SUMMARY OF THE INVENTION
[0012] In view of the foregoing disadvantages or limitations of
existing VTOL aircraft the present invention proposes an improved
VTOL aircraft in the form of a winged electrically-powered vertical
take-off and landing aircraft, comprising:
[0013] a cockpit having a longitudinal axis, and
[0014] at least two wings extending each along an axis from the
cockpit symmetrically with respect to said longitudinal axis of the
cockpit, and
[0015] at least one electrical propeller unit arranged on each of
the wings, each of said propeller unit comprising an electrical
motor and a propeller directly or indirectly linked to an arbor of
the electrical motor so as to rotate about an axis of rotation,
and
[0016] each of said propeller and/or at least part of the wings
being tiltable in a vertical plane containing the propeller's axis
of rotation with respect the axis of the wing on which it is
arranged, and
[0017] each of said propeller unit being electrically connected to
primary electrical energy source disposed in said cockpit,
[0018] wherein
[0019] the aircraft further comprises an air-blowing steering
system arranged at a tail of the aircraft so as to blow air in a
downward direction for stabilized hover, pitch steering and yaw
steering of the aircraft.
[0020] The VTOL aircraft according to the invention provides a much
simpler and cost-effective solution than the VTOLs aircraft known
from the prior art as it relies essentially on electrically powered
tiltable propellers associated with an inventive air-blowing
steering system at the tail of the aircraft to provide any
necessary steering and/or control of the aircraft during stationary
hovering phases, vertical take-off and landing phases as well as
pitch steering of the aircraft to engage forward flying thereof.
The aircraft of the invention thereby does not require use of
complex, heavy and energy-consuming tilt-rotors assembly as known
from other VTOLs or helicopters.
[0021] The aircraft of the invention therefore offers a simpler,
more reliable and cost-effective design, making it a viable
commercial solution, as opposed to existing aircraft of the kind,
reserved for an up-market client range.
[0022] In a first embodiment of the invention, the air-blowing
steering system comprises a fan.
[0023] In addition to the fan, the air-blowing steering system
advantageously comprises an air projection turret arranged
downstream with respect to the air stream projected by the fan so
as to direct said air stream projected by the fan in a chosen
direction.
[0024] Advantageously, the air projection turret may be
electrically adjustable in orientation with respect to the cockpit
to steer the aircraft.
[0025] Preferably, the fan is of turbofan or turbojet type, i.e. it
comprises an air turbine disposed in line with the fan ducted in an
air conveying funnel arranged in the aircraft.
[0026] In a second embodiment of the invention, the air-blowing
steering system comprises a pressurized air tank.

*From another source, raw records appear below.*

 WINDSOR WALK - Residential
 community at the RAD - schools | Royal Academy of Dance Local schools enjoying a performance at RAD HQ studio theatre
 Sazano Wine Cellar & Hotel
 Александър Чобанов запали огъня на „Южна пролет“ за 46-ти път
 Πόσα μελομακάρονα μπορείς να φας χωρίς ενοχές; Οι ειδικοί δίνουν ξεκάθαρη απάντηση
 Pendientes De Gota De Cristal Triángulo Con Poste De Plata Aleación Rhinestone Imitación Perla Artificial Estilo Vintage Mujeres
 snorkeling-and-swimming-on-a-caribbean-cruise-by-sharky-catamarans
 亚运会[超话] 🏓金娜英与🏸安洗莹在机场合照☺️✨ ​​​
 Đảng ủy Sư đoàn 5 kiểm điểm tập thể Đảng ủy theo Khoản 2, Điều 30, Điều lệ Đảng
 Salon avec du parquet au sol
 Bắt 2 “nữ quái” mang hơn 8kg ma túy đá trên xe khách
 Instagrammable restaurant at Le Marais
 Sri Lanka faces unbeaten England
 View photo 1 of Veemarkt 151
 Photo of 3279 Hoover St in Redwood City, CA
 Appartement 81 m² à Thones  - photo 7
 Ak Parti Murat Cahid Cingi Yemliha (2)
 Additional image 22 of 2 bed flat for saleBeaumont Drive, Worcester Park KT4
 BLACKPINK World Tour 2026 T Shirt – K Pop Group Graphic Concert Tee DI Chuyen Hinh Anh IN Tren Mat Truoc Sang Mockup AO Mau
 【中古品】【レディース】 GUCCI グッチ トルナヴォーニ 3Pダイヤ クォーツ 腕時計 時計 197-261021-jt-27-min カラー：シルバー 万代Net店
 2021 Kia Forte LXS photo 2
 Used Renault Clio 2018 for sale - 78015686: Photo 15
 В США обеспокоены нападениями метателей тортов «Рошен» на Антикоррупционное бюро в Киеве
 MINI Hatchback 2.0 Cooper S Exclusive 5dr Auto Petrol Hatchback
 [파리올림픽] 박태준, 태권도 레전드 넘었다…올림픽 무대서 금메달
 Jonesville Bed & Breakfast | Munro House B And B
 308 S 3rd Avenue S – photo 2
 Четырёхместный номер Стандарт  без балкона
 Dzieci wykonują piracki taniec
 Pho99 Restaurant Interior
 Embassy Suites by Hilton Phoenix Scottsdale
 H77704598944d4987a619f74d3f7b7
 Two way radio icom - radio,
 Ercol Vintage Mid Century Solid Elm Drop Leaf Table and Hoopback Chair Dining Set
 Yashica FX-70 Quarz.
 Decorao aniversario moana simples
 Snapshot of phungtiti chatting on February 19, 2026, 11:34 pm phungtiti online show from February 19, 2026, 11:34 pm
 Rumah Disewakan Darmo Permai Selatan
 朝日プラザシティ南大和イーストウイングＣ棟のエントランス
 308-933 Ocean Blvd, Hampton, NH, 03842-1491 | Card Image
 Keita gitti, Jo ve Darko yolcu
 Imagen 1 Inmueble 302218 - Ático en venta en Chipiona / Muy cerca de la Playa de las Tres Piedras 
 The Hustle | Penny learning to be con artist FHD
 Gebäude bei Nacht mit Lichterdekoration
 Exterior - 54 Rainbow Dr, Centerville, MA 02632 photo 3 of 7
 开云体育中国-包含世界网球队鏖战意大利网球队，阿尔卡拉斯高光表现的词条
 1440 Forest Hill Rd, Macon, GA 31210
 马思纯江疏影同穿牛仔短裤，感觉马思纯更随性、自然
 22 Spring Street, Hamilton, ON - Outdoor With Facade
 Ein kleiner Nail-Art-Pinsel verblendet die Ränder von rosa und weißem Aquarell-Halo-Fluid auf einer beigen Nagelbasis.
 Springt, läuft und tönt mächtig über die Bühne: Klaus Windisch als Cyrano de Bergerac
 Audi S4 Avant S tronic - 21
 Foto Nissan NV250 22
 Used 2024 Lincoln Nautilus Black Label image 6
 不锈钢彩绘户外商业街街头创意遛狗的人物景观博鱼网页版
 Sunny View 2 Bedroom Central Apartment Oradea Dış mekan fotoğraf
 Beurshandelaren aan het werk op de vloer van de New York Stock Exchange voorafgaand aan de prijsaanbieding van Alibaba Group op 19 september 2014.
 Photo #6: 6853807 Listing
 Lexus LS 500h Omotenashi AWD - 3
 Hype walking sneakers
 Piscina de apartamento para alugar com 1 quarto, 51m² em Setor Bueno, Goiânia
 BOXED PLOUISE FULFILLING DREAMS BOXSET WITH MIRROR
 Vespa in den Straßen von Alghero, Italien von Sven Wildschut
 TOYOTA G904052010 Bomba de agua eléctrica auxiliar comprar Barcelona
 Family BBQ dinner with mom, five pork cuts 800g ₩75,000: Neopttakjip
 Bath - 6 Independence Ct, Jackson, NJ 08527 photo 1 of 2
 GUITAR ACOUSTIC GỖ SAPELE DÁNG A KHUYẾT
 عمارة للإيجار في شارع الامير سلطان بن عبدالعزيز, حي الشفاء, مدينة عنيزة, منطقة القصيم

[0027] As in the first embodiment the air-blowing steering system
may comprises an air projection turret arranged with respect to a
pressurized air outlet of the tank so as to direct an pressurized
air stream projected, said air projection turret being electrically
adjustable in orientation to steer the aircraft.
[0028] According to further preferred embodiments of the
invention:
[0029] the primary electrical energy source comprises a first
rechargeable battery having at least 1 kW/kg power density and at
least 150 W-h/kg usable energy density;
[0030] the primary electrical energy source is repositionable
within the cockpit of the aircraft for adjusting the centre of
gravity thereof;
[0031] it further comprises at least one back-up and/or secondary
electrical energy source configured to generate sufficient
electricity to power the electric motors of the propeller units
and/or at least partially recharge the primary electrical energy
source;
[0032] the at least one back-up and/or secondary energy source is
selected from the group consisting of a second rechargeable battery
having a usable energy density of at least 200 W-h/kg, a second
rechargeable battery and a fuel driven electric generator that
sequentially supply power, where the second rechargeable battery
has a usable energy density of at least 200 W-h/kg, and a fuel
driven engine with a generator,
[0033] the at least one back-up and/or secondary energy source
comprises a second rechargeable battery having a usable energy
density of at least 200 W-h/kg, such that the aircraft is
configured to fly at least 200 nautical miles at the cruise speed
of up to 165 knots and at an altitude of at least 4'000 feet using
only the second rechargeable battery;
[0034] the at least one back-up and/or secondary energy source
comprises a second rechargeable battery and a fuel driven electric
generator that sequentially supply power, where the second
rechargeable battery has a usable energy density of at least 200
W-h/kg, such that the aircraft is configured to fly at least 50
nautical miles at the cruise speed of up to 165 knots and at a
altitude of at least 6'000 feet using only the second rechargeable
battery, and at least 650 nautical miles at the cruise speed of 210
knots and at an altitude of up to 18'000 feet using the fuel driven
electric generator;
[0035] the at least one back-up and/or secondary energy source
comprises a fuel driven engine with a generator, such that the
aircraft is configured to fly up to 1'200 nautical miles at the
cruise speed of up to 300 knots and at an altitude of up to 37'000
feet using only the fuel driven engine with the generator;
[0036] the primary electrical energy source is configured to be
recharged from the at least one back-up and/or secondary energy
source;
[0037] the at least one back-up and/or secondary energy source is
further configured to retain a preferred orientation relative to
gravity as the first and second nacelles tilt.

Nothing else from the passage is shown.